■ What you will do ■
Output, exactly and with no pictures, the line that contains "Terminator The Enemy" and every line that comes after it in the data below, the last one included.

================

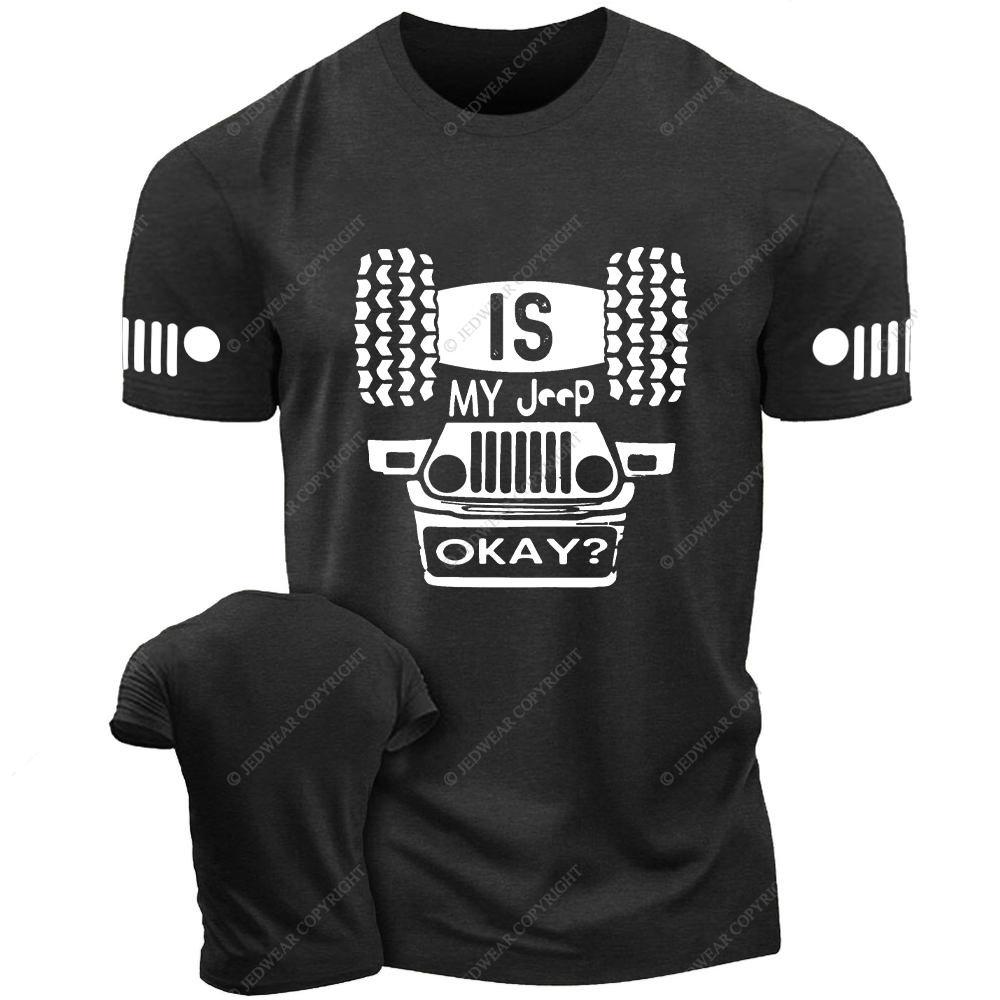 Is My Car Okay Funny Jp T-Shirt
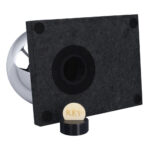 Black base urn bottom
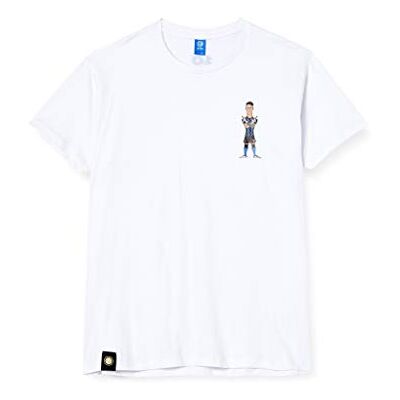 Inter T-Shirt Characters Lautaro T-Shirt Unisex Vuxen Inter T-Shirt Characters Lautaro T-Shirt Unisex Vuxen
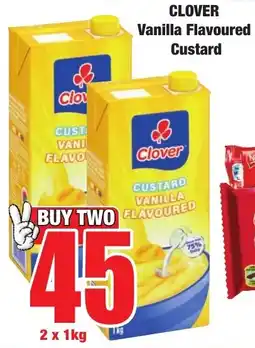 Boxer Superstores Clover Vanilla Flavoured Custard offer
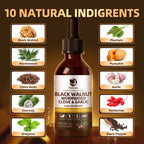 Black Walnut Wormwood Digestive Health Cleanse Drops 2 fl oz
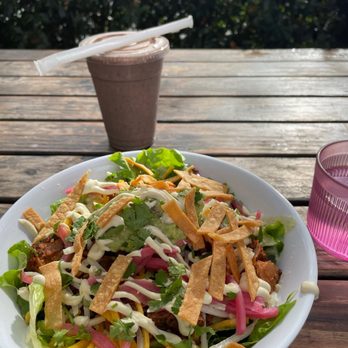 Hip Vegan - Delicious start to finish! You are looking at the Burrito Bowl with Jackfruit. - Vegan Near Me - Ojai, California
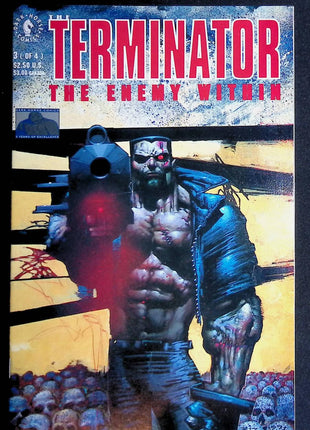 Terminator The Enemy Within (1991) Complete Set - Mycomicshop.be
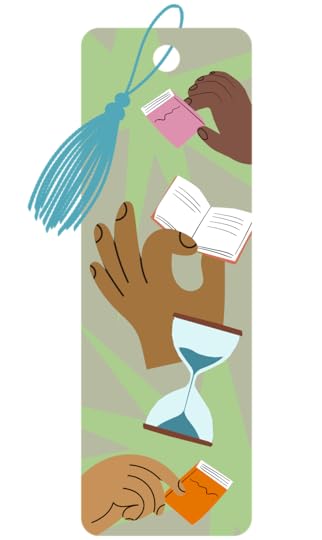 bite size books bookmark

================

■ Solution to this problem ■
 Terminator The Enemy Within (1991) Complete Set - Mycomicshop.be
 bite size books bookmark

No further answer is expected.